In the domain of deep learning, development of Recurrent neural networks (RNN) has had a stellar improvement in the past few decades. RNN has progressed from just being a possible theoretical concept to a standard element in neural network applications, which are now being used in machine learning areas such as handwriting recognition, language learning, speech recognition among others.
In this article, we will discuss a new type of RNN developed by Google Brain, their artificial intelligence team, which analyses human sketches and presents them on a vector format.
The Issue Of Consistency In RNN
RNN is a type of neural network in which the weights in the network are manipulated in order to form a network graph displaying a time sequence that will help process and remember inputs. This is done because RNNs can learn and remember the context in prediction problems for machine learning. This is also the reason it has now been explored in modelling images.
However, the inherent problem in basic RNN models lie in the inconsistency in the output images. They sometimes give out an unnecessary image feature or give out a low quality or might even alter the images altogether, which is undesirable.
Using Sketch-RNN To Analyse And Generate Sketch Drawings
David Ha and Douglas Eck, scientists at Google Brain, have come up with a novel RNN that would generate handwritten drawings of common objects. This RNN, called Sketch-RNN, would seek and learn information from loads of drawings by humans which are again segregated into different classes and is trained to generate them. This may help artists and graphic designers in their work to come up with newer patterns or ideas.
At first, they specify two criteria, known as unconditional and conditional generation respectively, to create vector images based on human drawings obtained. They also consider the mathematical aspects related to generating a vector image. After all this, the RNN is trained extensively on these images. They ensure that coherence in the images is met based on the type of strokes in the drawing (this is the required to calculate loss function).
The dataset for the neural network model was obtained from Google’s QuickDraw, an AI web application, where the researchers asked users to draw objects of a specific class. The drawings were compiled into a dataset called ‘quickdraw-75’, which consisted of 75 classes. Each class had a training set of 70,000 samples. On top of this, 2500 samples were selected for validation and testing.
The sketch is represented as a set of pen stroke actions which again helps in establishing the vectors through coordinates.
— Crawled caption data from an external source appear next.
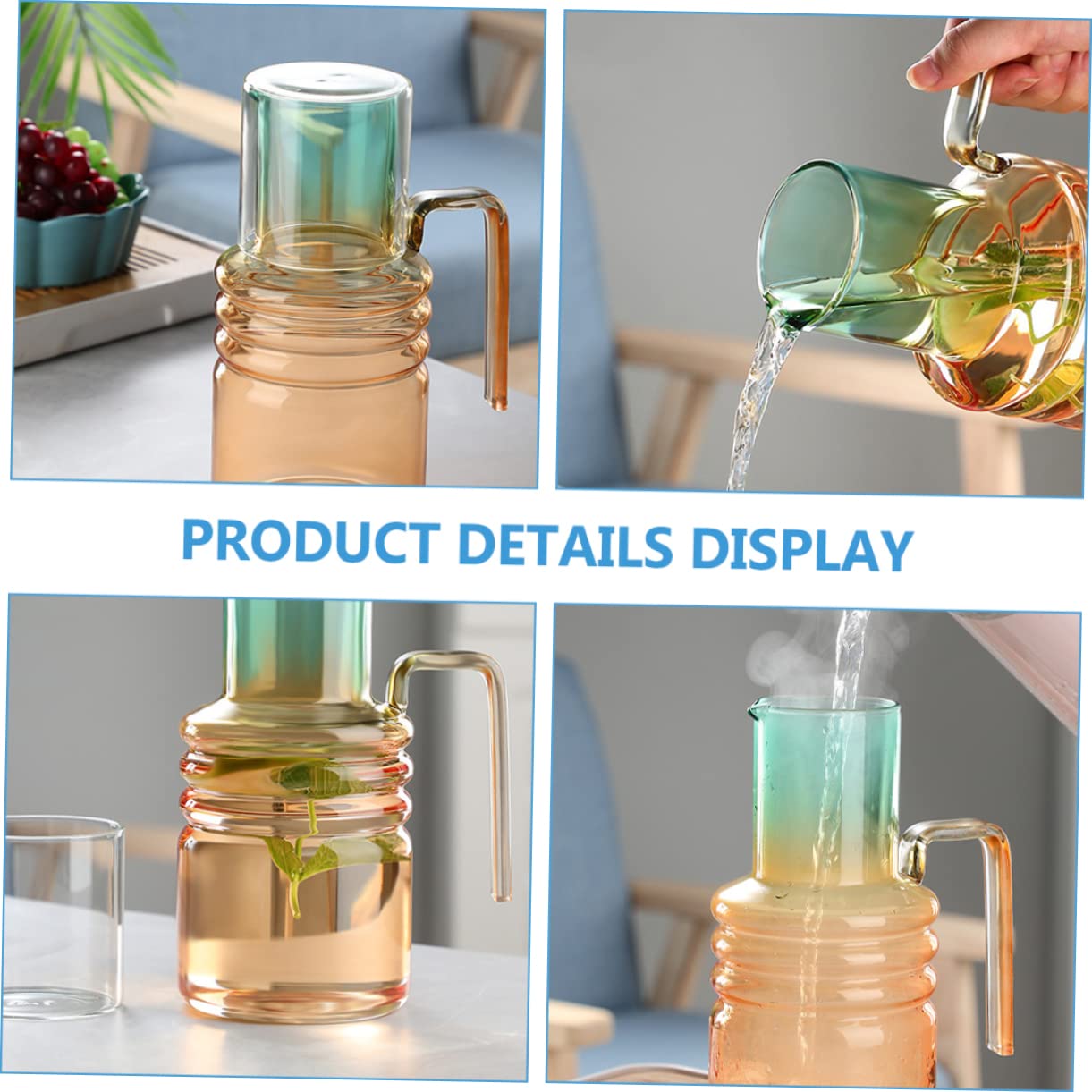LABRIMP 1juego Jarra De Para Agua Fría De Diseño Degradado y Capacidad Para Bebidas Para Jugos y Restaurantes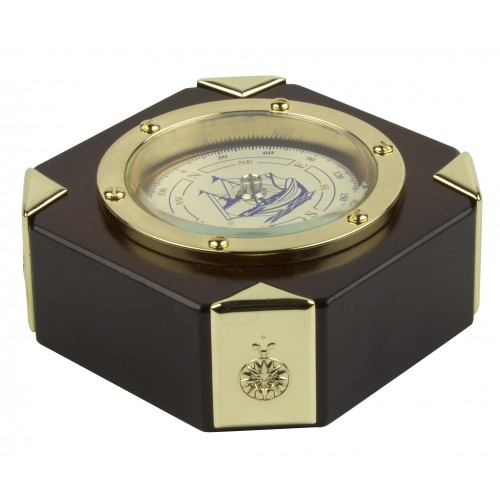 Nauticalia Compass Paperweight with Gold Plated Corners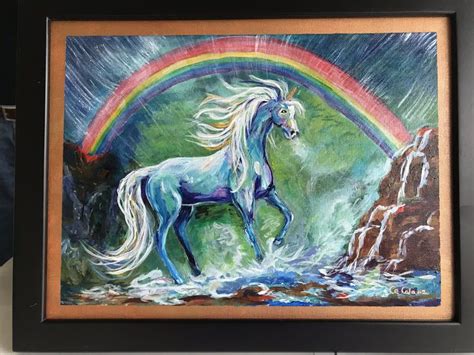 Rainbow Unicorn Artwork Painting Rainbow Unicorn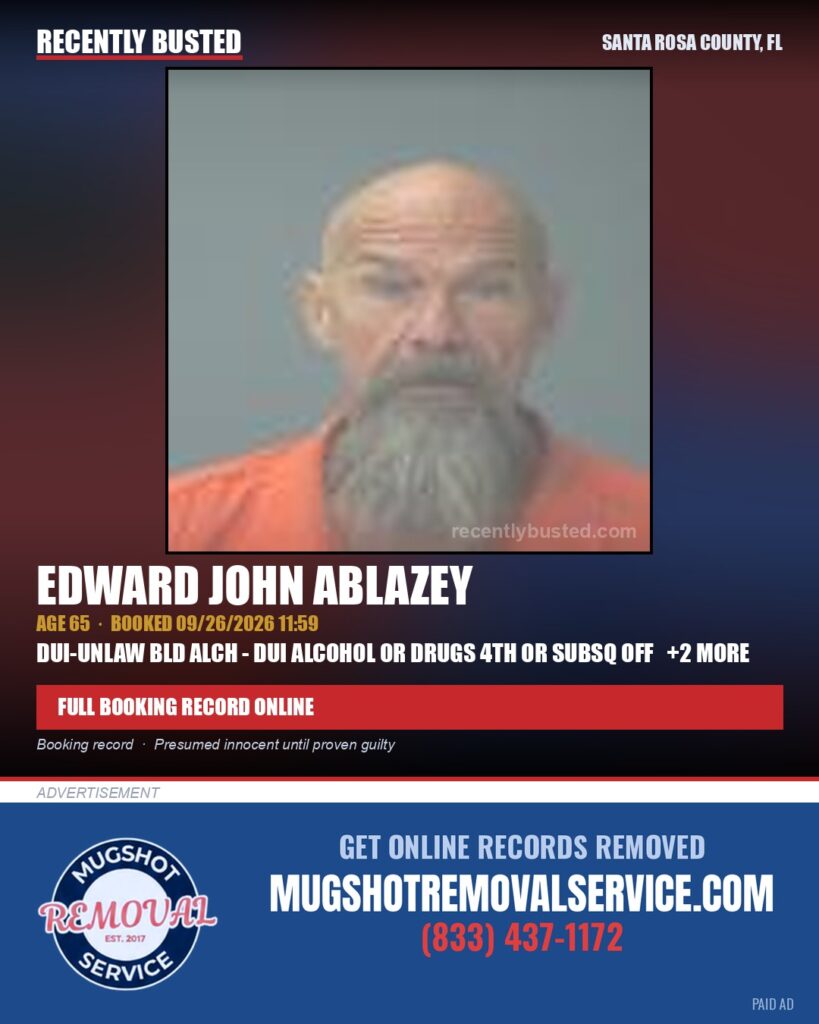 Edward John Ablazey — arrest record card, Santa Rosa County, Florida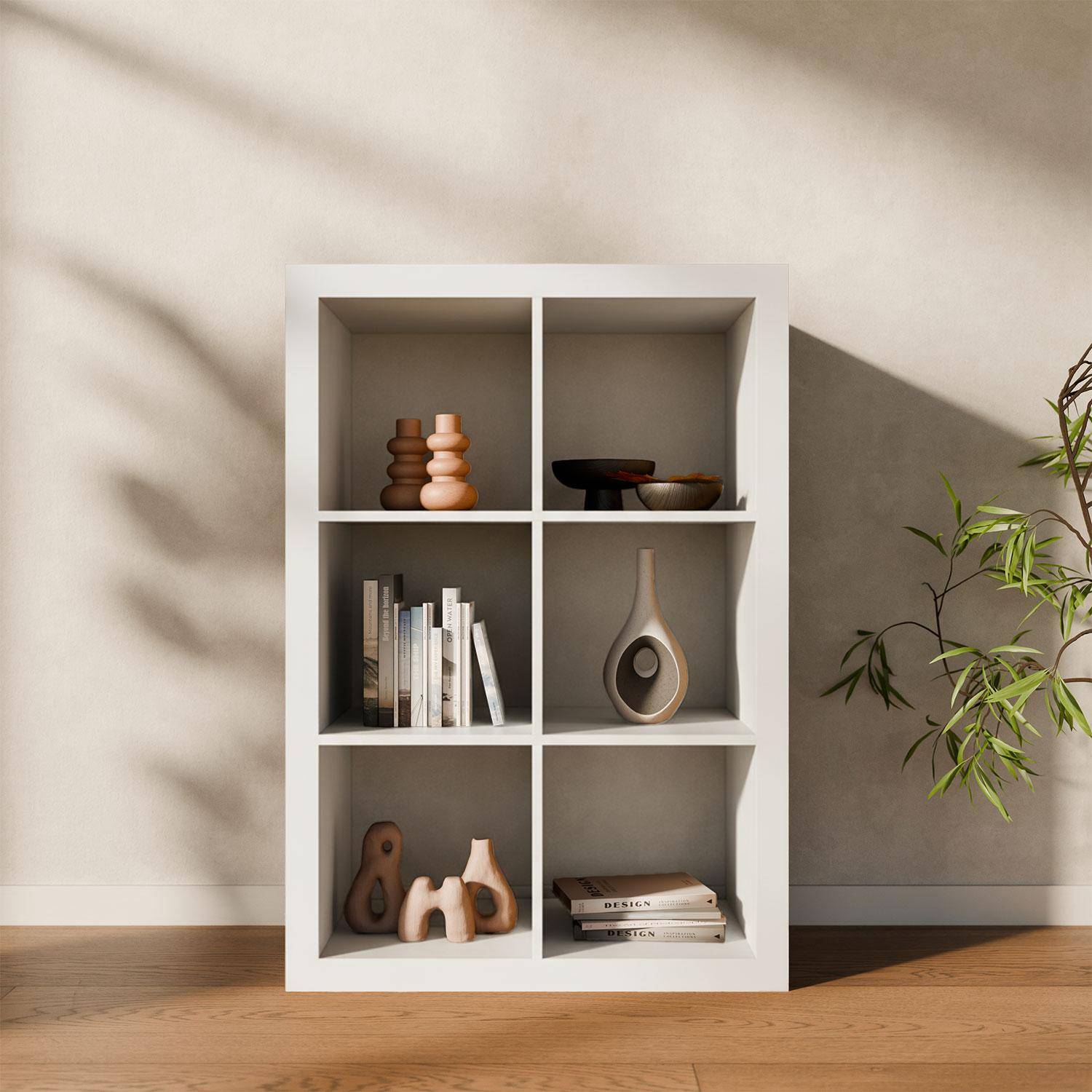 Libreria a 2 livelli con 6 scomparti, Basiks, Bianco, 76x39x111.2 cm Photo1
The researchers give a description with an example:
“A sketch is a list of points, and each point is a vector consisting of 5 elements: (∆x, ∆y, p1, p2, p3). The first two elements are the offset distance in the x and y directions of the pen from the previous point. The last 3 elements represents a binary one-hot vector of 3 possible states. The first pen state, p1, indicates that the pen is currently touching the paper and that a line will be drawn connecting the next point with the current point. The second pen state, p2, indicates that the pen will be lifted from the paper after the current point, and that no line will be drawn next. The final pen state, p3 indicates that the drawing has ended, and subsequent points, including the current point, will not be rendered.”
They use an autoencoder type of neural network called Sequence-to-sequence Variational Autoencoder, which is used for sequential predictions. The block diagram is given below
From the diagram, it can be seen that the input consists of a bidirectional RNN (encoder) which takes the sketches, and the output decoder gives out the vectors of specific latent size. The outputs and inputs pertaining to the end-to-end decoders are determined through a probability distribution function (pdf).
The challenge for the RNN lays in the action of stopping the drawing which is unbalanced due to the probabilities associated with the model. In the study, this is controlled using unconditional generation where the researchers train only the decoder RNN module, and thus trained wholly from then on.
Finally, the sketch-RNN was tested experimentally on various settings as well as different image classes (single-sketch, multi-sketch drawing etc.). Long short-term memory(LSTM) network forms the encoder part of the RNN while Hyper LSTM forms the decoder. When tested, the RNN performed well with an accuracy of 80% to generate as well as distinguish the 75 classes.
Although the accuracy achieved in the output drawing might not be that exceptional, nonetheless it will help designers and artists to idealise patterns on a large scale. In addition, the sketch RNN might also be tried with variations with respect to encoder-decoder systems to improve accuracy in the generated sketches.